An isomorphism between $U^\perp$ and $U^0$ seems the most natural: for each vector $u$ of $U^\perp$, $u\mapsto\varphi_u$, where $\varphi$ is an element of $U^0$ given by $\langle,u\rangle$. This mapping is obviously injective and surjective by the functional representation theorem (called the Riesz representation theorem in the book).
Next I tried coming up with one between $U^0$ and $V/U$ (and $U^\perp$ and $V/U$) in pretty much the exact way; for each $\varphi_v$ of $U^0$, $\varphi_v\mapsto v+U$, where a unique $v$ exists by the representation theorem ($\forall w\in U^\perp,w\mapsto w+U$). I seem to have managed to prove that both are isomorphisms. For the first one's injective part, suppose that the kernel is non-empty. Then there is a non-zero functional $\varphi_v$ which is mapped to the identity of $V/U$, i.e. $0+U$, hence $v\in U$. But since $\varphi_v(w)=\langle w,v\rangle\in U^0$ is $0$ for any $w\in U$, $\langle v,v\rangle=0$ and $v=0$, which is a contradiction. This felt a bit counter-intuitive to me, because at first I thought that there should be no reason why 2 different functionals shouldn't possibly map to the same affine subset, but the proof seems to be correct. For the other isomorphism proof of injection seems to be just as simple: suppose the kernel was non-empty, then $w\neq0$ maps to $0+U$ and hence $w\in U$. But if it were it would have to be orthogonal to every element of $U$, including itself, therefore $w=0$, which is a contradiction. For the surjective part of the 2nd one I thought it could be argued as follows: we know that $V=U\oplus U^\perp$, i.e. each vector $v$ can be uniquely represented as $u+u^\perp$. Then any element $v+U$ of $V/U$ can be written as $(u+u^\perp)+U$ or simply $u^\perp+U$. That is, every affine subset has a representative that is orthogonal to $U$ and hence a pre-image under this mapping. Argue surjectivity for the first one the same way, since $\varphi_{u^\perp}$ is in the annihilator.
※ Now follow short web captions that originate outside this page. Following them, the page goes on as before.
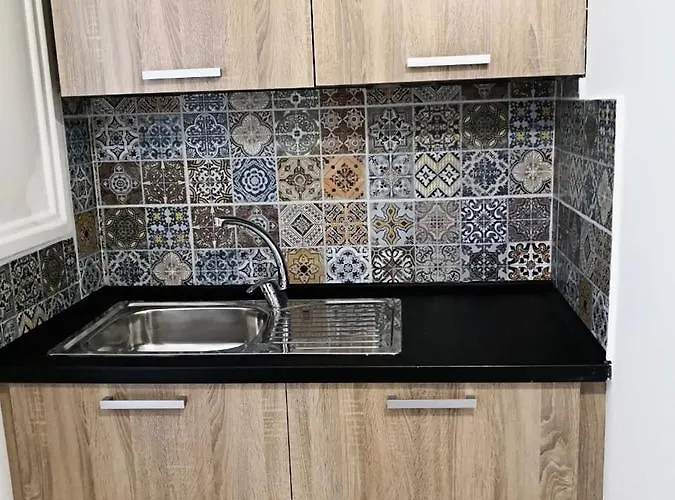 Cheerful In Lägenhet *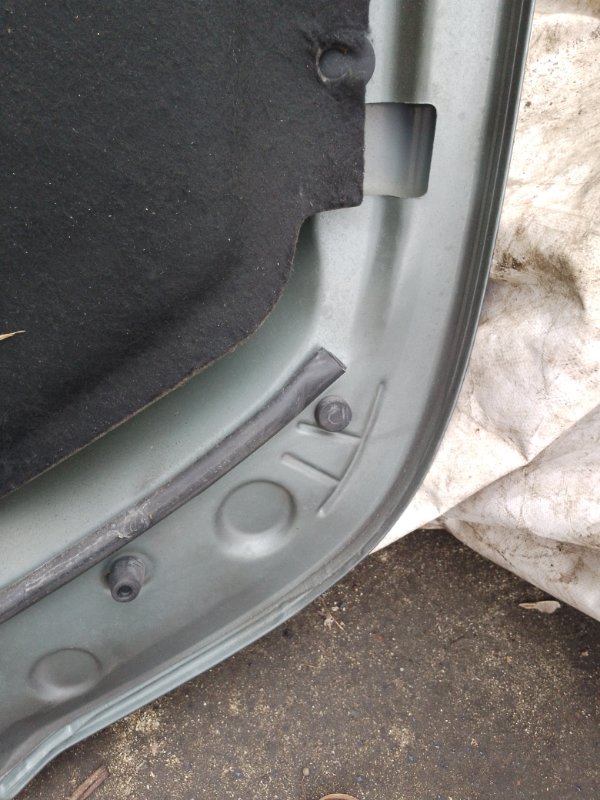 Капот, 8000 рублей, Мытищи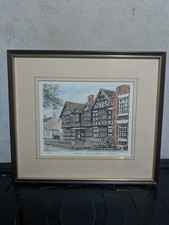 Glyn Martin Nantwich Churche's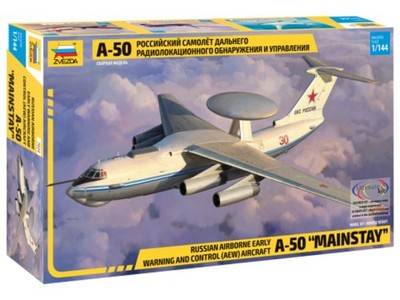 Beriev A-50 Mainstay / 1:144 - Zvezda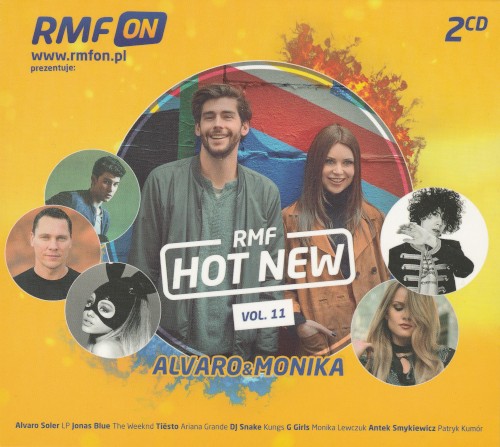 RMF Hot New Vol. 11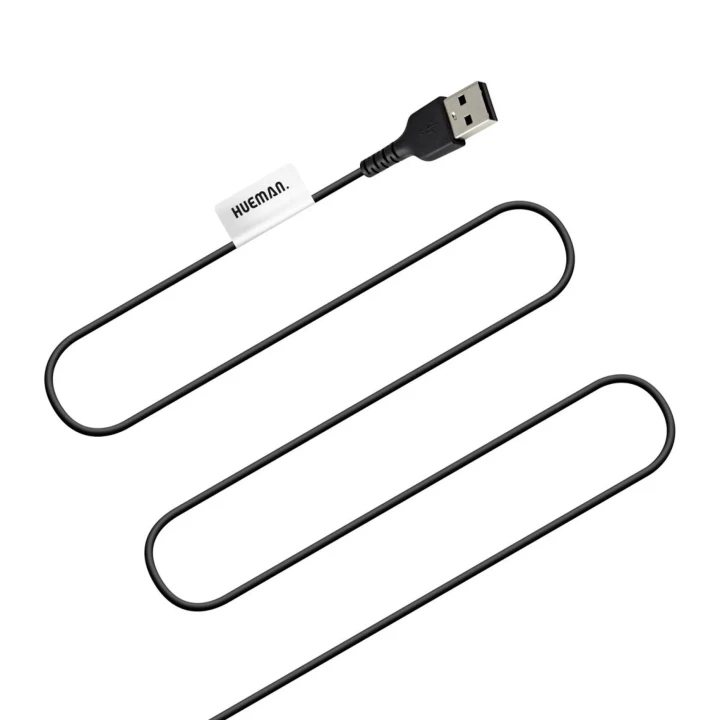 Pierścień wibracyjny - Hueman Jupiter, 10 trybów wibracji, wodoodporny, USB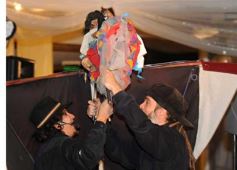 Foto de la galería: Los Arquitectos en Salon Lucrecia de Posadas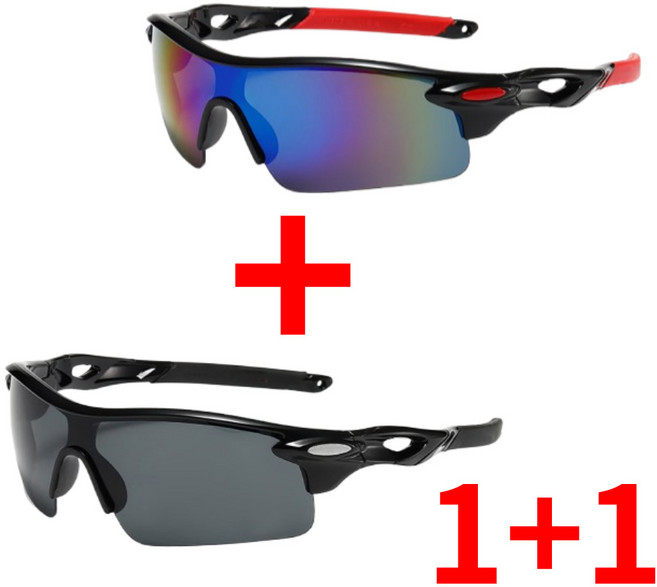 비바띵즈 남성 스포츠 선글라스 uv차단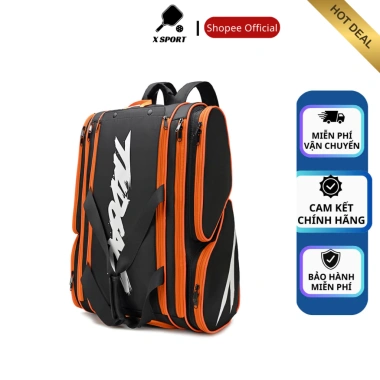 Balo Sportbase Pickleball & Tennis – Chống Thấm, Ngăn Giày Riêng, Giá 359k 10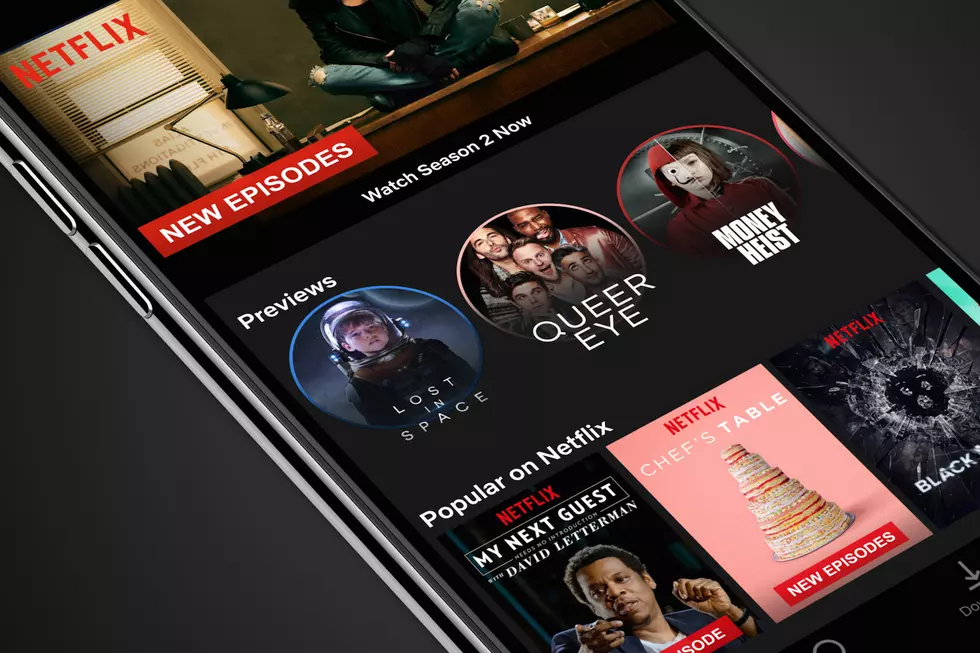 Netflix Now Plays 30-Second Vertical Snapchat-like Trailers On Your Phone, and It’s Super Ugly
My question I suppose would simply be whether my general line of reasoning is correct or not. I understand that all this is utterly trivial, I was just toying around by myself and was looking for validation for my direction of thinking. Apologies for the wall of text.
I assume that $V$ is a Hilbert space (e.g. a finite dimensional vector space with an inner product), $U\subseteq V$ is a sub-vector space and that by $U^0$ you denote the subspace of the dual of $V$ which evaluates to zero on $U$.
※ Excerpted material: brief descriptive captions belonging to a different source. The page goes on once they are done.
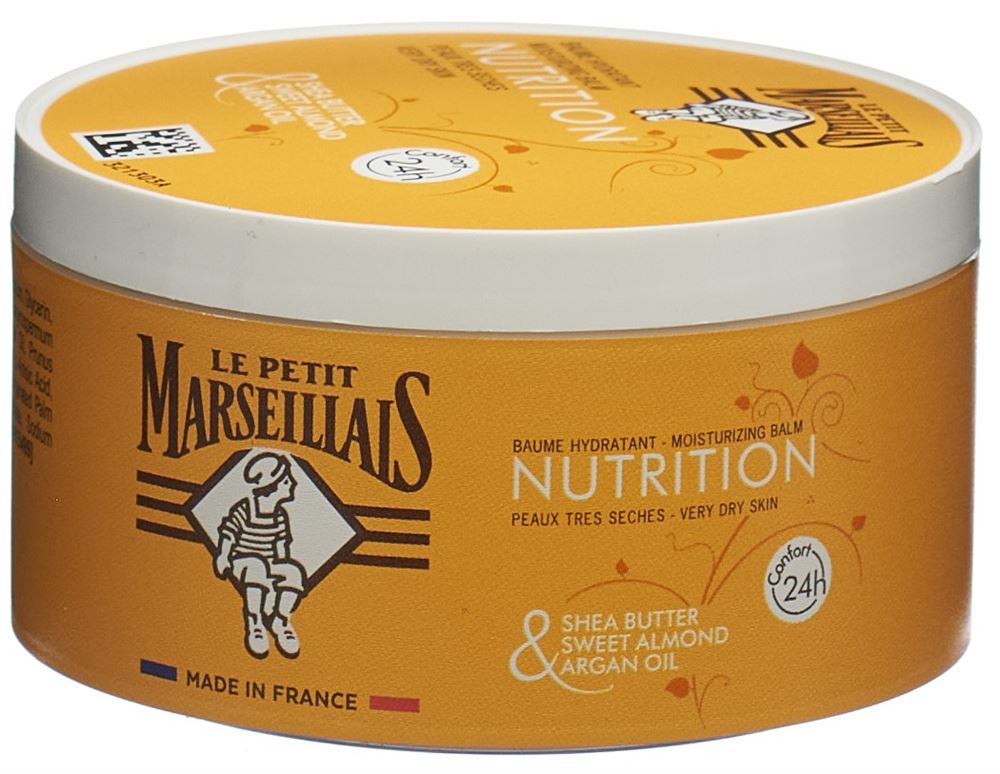 Le Petit Marseillais Body Balm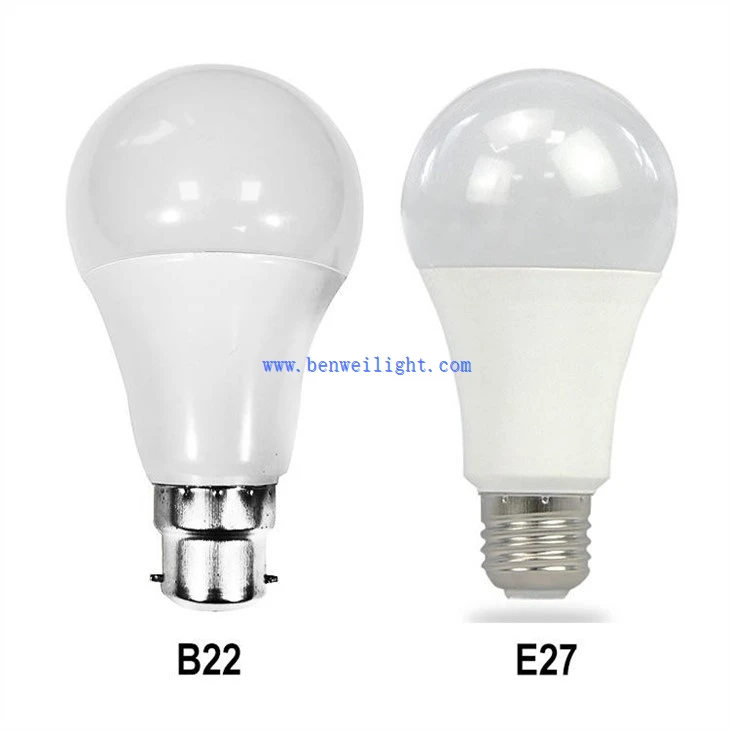 B22 หลอดไฟลูกกอล์ฟ 60w Led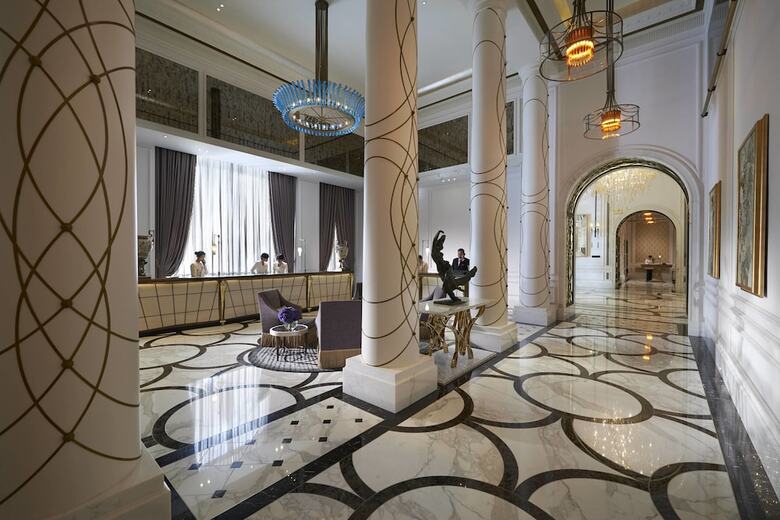 Hotel Mandarin Oriental Taipei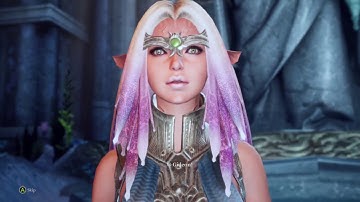 Bless Unleashed - the first 20 minutes on XBOX ONE X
You have a canonical isomorphism $V\cong V^*$ given by sending $v$ to $\langle-,v\rangle$. This immediately implies that $U^\perp\cong U^0$ via this isomorphism (which makes the statement completely trivial).
The canonical isomorphism $V\cong U\oplus U^\perp$ implies the statement that $U^\perp\cong V/U$, as you noticed. However, a maybe more natural way to see this (that doesn't involve splitting $V$) is to consider the short exact sequence $$0\longrightarrow U\longrightarrow V\longrightarrow V/U\longrightarrow0\ .$$ Taking duals, we obtain the short exact sequence $$0\longrightarrow (V/U)^*\longrightarrow V^*\longrightarrow U^*\longrightarrow0\ .$$ But the dual $V^*\to U^*$ of the inclusion $U\to V$ is given by the restriction of an element of $V^*$ (acting on $V$) to $U$. Now since the sequence is exact, we have $$\ker(V^*\to U^*)\cong(V/U)^*,$$ and this kernel is tautologically $U^0$. Thus, the most natural statement is that $$U^0\cong (V/U)^*,$$ and this becomes the statement that you want once again by the isomorphism of Hilbert spaces and their duals.